Resume Pointers


Employers receive dozens if not hundreds of resumes for open positions, so many will spend only about 20 seconds with any single resume. From that applicant pool they need to choose just five or six (or fewer) candidates to interview. Most employers will be looking for the following when evaluating a resume:

  • Overall appearance: at first glance, it looks professional and organized
  • it is easy to find the most important information
  • detailed information applicable to the position is included
  • demonstrate that you have the skills and knowledge required
  • present concrete examples of contributions, achievements, learning, and success



The CDO recommends that candidates avoid using resume templates. Using them will not make your resume unique – it will look just like the millions of other template resumes. Templates can also be very restrictive regarding formatting and spacing, and can be difficult to manipulate once you’ve entered your information.

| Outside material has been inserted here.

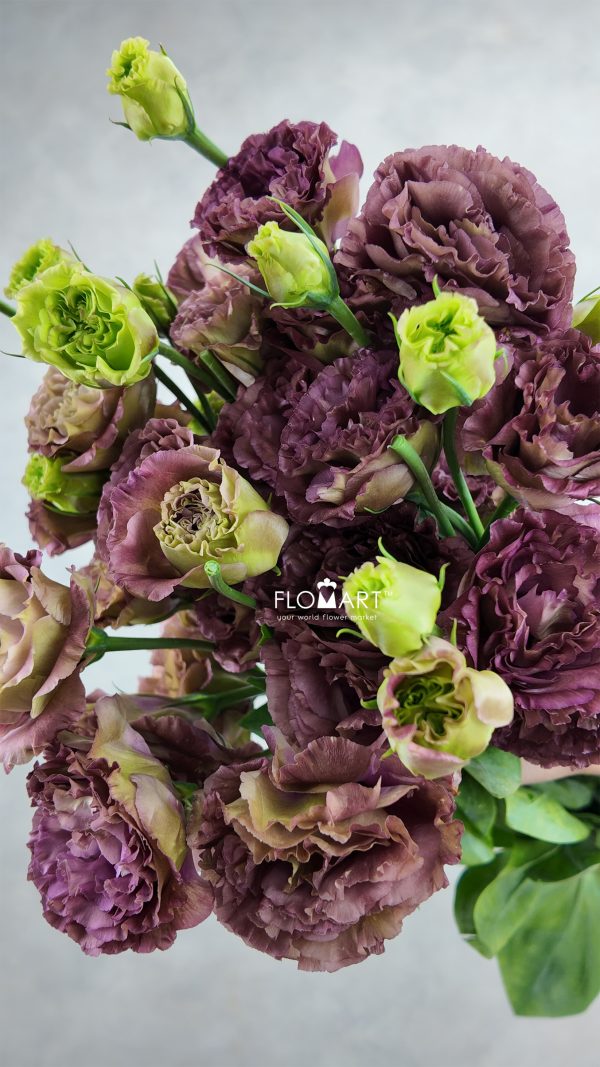 Lisianthus Tea Color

Start with a plain document with 1" margins and 10, 11 or 12 point font. You should use a basic, easy-to-read font: Arial, Helvetica, Times Roman, Book Antiqua, and similar fonts are usually best. Adjust the margins and font size if needed.

With only about 20 seconds to impress an employer, try to use some of the following techniques to guide the reader's eye quickly down the page:

  • Phrases, not sentences – When describing your experiences, use phrases beginning with “action words" (past or present tense verbs). Check out our Action Verbs handout for ideas.
  • Lists, not paragraphs – For optimal skimming by the reader, phrases should be listed one to a line, using a bullet or other visual marker to indicate the beginning of each phrase.
  • Priority order – Organize your information from most important to least important, putting your most important sections first. This also applies to your experience descriptions – start with your most significant or related work.
  • Use of blank space – The way you use blank space (in your margins, between sections, and within each section) will affect what the reader sees as he/she skims the page. The more blank space that surrounds a word or group of words, the more visible it is. That is why section headings are often placed by themselves along the left margin.
  • – Judicious and consistent use of highlighting techniques, such as boldfacing, using all CAPITAL letters (or both), and italics can call the attention of the reader to key words or sections.
  • Consistent layout patterns – Within each section, place the same type of information consistently in the same position. Not only does this look more professional, it also makes it easier for the reader to locate the information they seek. For example, always placing the job title first (or the name of the organization) in an experience section, placing the dates in the same location (after the job title or after the name of the organization, for instance) provides a logical pattern.
  • Perfection – The resume must be mistake-free and represent your very best work. Anything less will hurt your chances of receiving an interview. Review your resume with a CDO counselor.